亞歷山大圖書館是人類歷史上智慧成果的重要體現,它的存在,從另一角度反映著古代世界裡古希臘文明各個學科領域研究的極高水平。作為一座舉世聞名的古代文化中心,它的意義和價值是古代其他圖書館所無法比擬的。作為不同民族文化交流的融合物,這座圖書館吸引了歐洲、非洲、亞洲乃至世界各地的學者,使這座城市很快就成為東西方文化交融地,並對後世文化產生了深刻影響。
《亞歷山大圖書館的興衰》這本著作由埃及著名歷史學者根據自己對大量史料的整理研究而撰寫,選文中處處可見對於古代史書記載的引用,是談到亞歷山大圖書館這段歷史就不可繞過的一部經典。作者終其一生奉獻給亞歷山大圖書館前世今生的研究和建設,在對史料事實的篩選以及敘述上可以見證作者史學素養的高超。而且,在歷史事實的梳理和陳列之外,作者還詳細介紹了當時圖書館的管理機制以及出版制度,對今人的研究有著很大的幫助。

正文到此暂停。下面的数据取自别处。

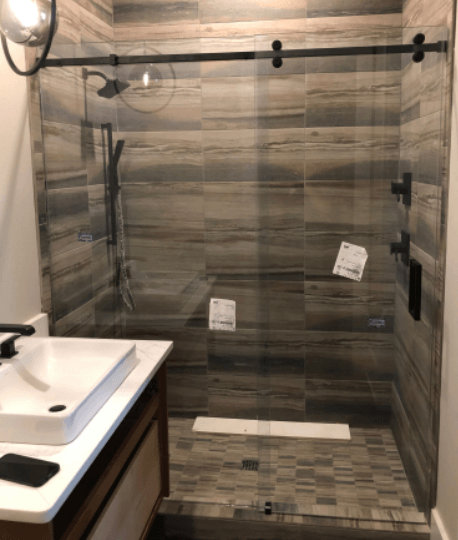 Shower stall with sliding glass door and dark fixtures, tiled with gray and brown horizontal stone-look tiles.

選文節選的是《亞歷山大圖書館的興衰》中圖書的收集這一章的部分內容,根據多種來源的資料,亞歷山大圖書館的藏書多達近百萬冊,藏書的來源覆蓋世界各地。亞歷山大圖書館的管理者對於浩如煙海的書目的管理井然有序:收集來的圖書先存放在某個倉庫里,圖書管理員在這裡對書目進行登記和分類。將圖書根據語言和卷數分類,分為混合類和非混合類,再進行登記。登記的款項包括書的出處、原出版地、書主的姓名、作者的姓名,還要註明修訂或編輯該文本的學者姓名,最後註明全書的行數。伴隨著圖書館的發展,還出現了專業的導讀人員以及對書目進行登記的專門人員,《書目》一書就是例子。

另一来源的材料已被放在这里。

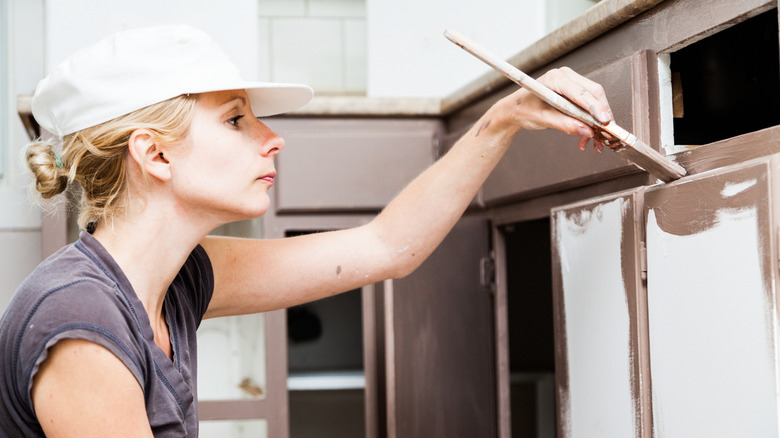 woman painting cabinet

在當時的社會發展水平下,托勒密王朝的圖書館管理者對於圖書的編目、分類如此精細,依靠他們創立的圖書管理以及編目方法,維持著這樣一座龐大的圖書館的運轉,並且為後人數千年以後查證古籍的來源也提供了借鑑參考,有著極高的文化和歷史價值。儘管亞歷山大圖書館在歷史上由於火災灰飛煙滅,但是它留下的精神財富依然哺養著後人。
(韓瀟涵)
[1] 《阿里提斯亞斯書信》:大約公元前2世紀的亞歷山大猶太人聚居區的一個猶太作者編定的一部希臘文本。它勾畫了猶太人的聖經《摩西五經》在國王托勒密二世菲拉德爾夫斯的資助下譯成希臘文的背景。
[2] 托勒密王朝(前305—前30):或稱托勒密埃及王國。是在古代馬其頓君主亞歷山大大帝死後,其將軍托勒密一世所開創的一個王朝,統治埃及和周圍地區。
[3] 梁國詩:《亞歷山大圖書館》,載《阿拉伯世界》,1998(2)。